LARGE SCALE PORTFOLIOS | EFFICIENT FRONTIER | RETURN MODELS | RISK AND VARIANCE |

Return Models

Before starting, it is important to keep in mind that whatever technique is used to measure the performance of assets, the resulting model is essentially phenomenological, without no physical laws to support predictions. In that sense, simplicity and interpretability go a long way in producing a useful and effective model.

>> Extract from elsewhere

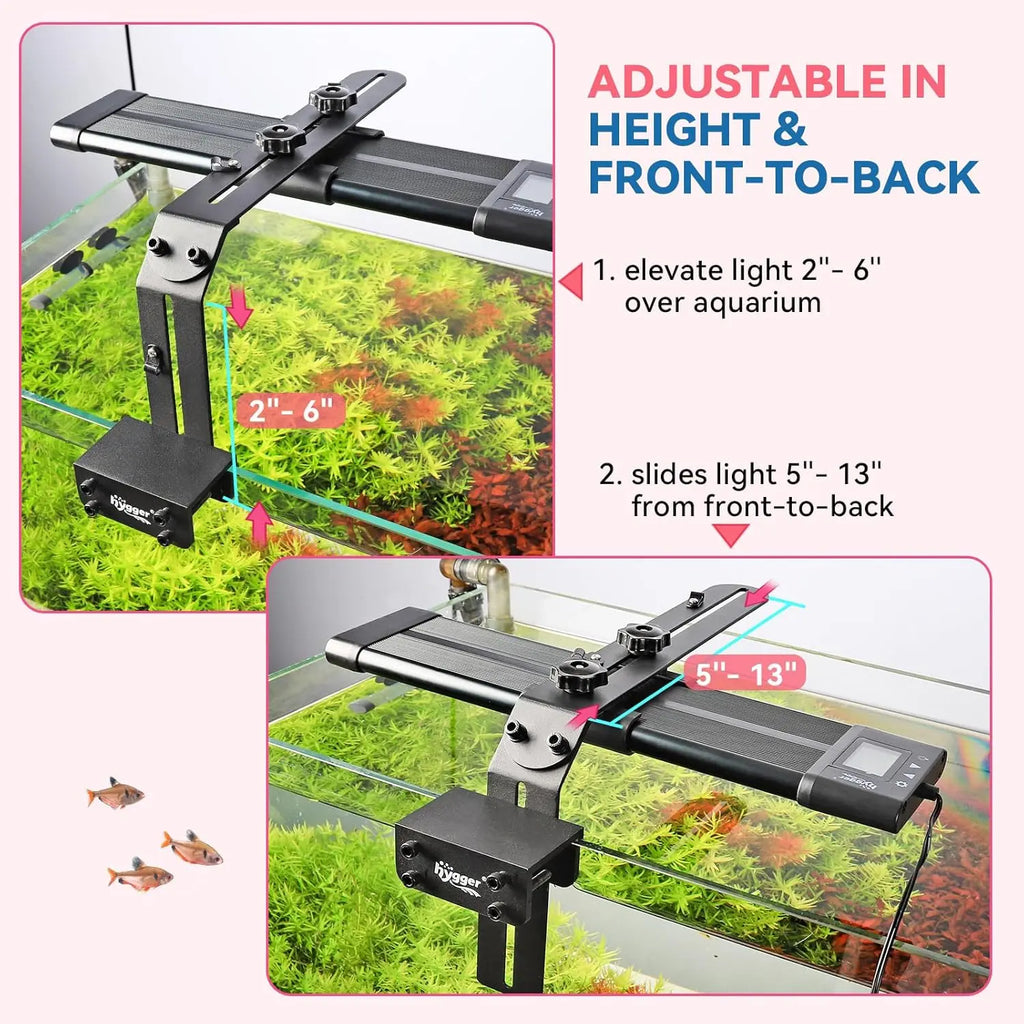 Hygger Aquarium Light Riser Fits, Universal Fish Tank Light Holder Adjustable Led Aquarium Light Mounting Bracket, Sturdy Aluminum Ultra Wide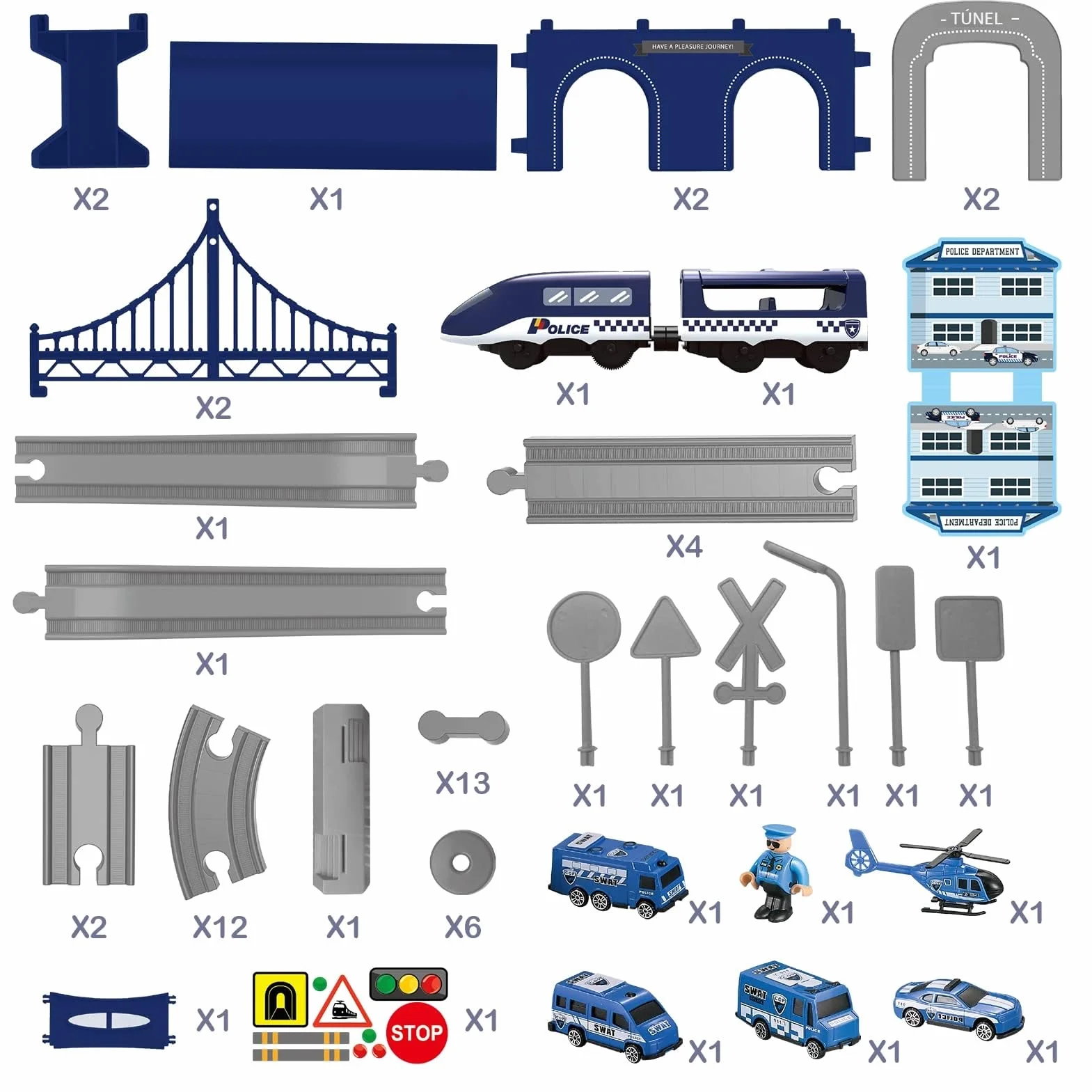 Wdmiya Ferrocarril eléctrico para niños 3 4 5 6 7 8 años, sistema de carril flexible con 66 piezas, vehículos de construcción y nave espacial, juego de carreras creativo para niños y niñas (66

The models used for portfolio optimization by the Optimize API are expected return and variance asset models. See references [1-3] and this case study for details. In such models, an asset return is represented by two quantities: the expected return, $ \mu_i $, and its variance, $ \sigma_i^2 $, that is $$ \begin{aligned} \mu_{i} &= E \{ r_i \}, & \sigma_i^2 = c_{i,i} &= E \{ (r_i - \mu_i)^2 \}. \end{aligned} $$ With more than one asset, we add to the model the correlation between each asset, $$ c_{i,j} = E \{ (r_i - \mu_i) (r_j - \mu_j) \}. $$

The expected return and variance of a portfolio is then optimized by evaluating $$ \begin{aligned} \mu(\theta) &= \sum_{i} \theta_i \, \mu_i, & \sigma^2(\theta) &= \sum_{i, j} c_{i, j} \, \theta_i \, \theta_j, \end{aligned} $$ in which $ \theta_i $ is the asset's weight on the portfolio (more on portfolio weights and some not so obvious caveats below).

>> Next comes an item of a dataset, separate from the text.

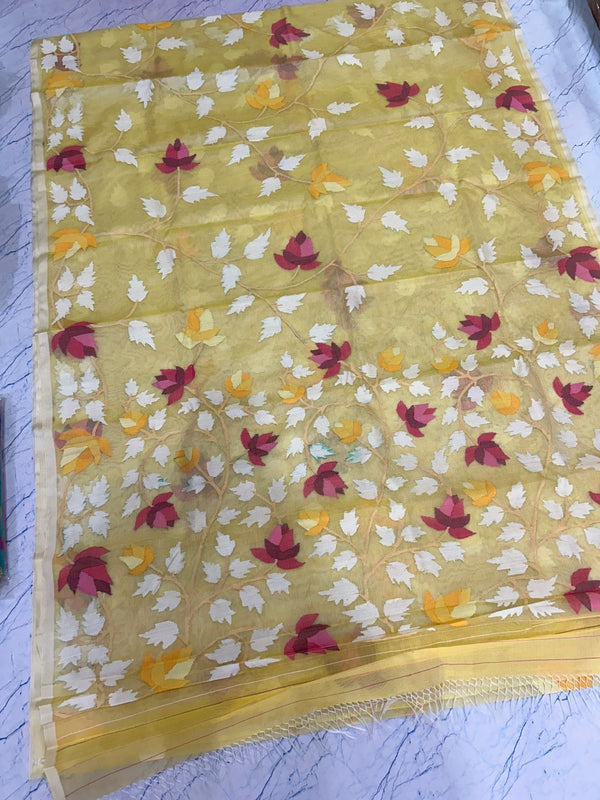 Aqua floral jamdani tantuj saree women saree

For a given portfolio, expected return and variance for each asset and their covariances can be estimated by the Models API. This note goes over some important aspects that need to be taken into account when estimating returns and their use in portfolio optimization. We will talk about variance in more detail on this separate note .

Historic Asset Prices

Expected returns and their variances are typically estimated from historic price series^[1]. As the number of parameters to be estimated grows with the square of the size of the number of assets in the portfolio, so does the demand on data and the uncertainty about those estimates.

In this case study, we highlight some difficulties involved in the estimation of expected returns and variances. From the choice of return series to use to the methodology employed to calculate the estimates, it is quite easy to get astray and end up with models that are not very representative.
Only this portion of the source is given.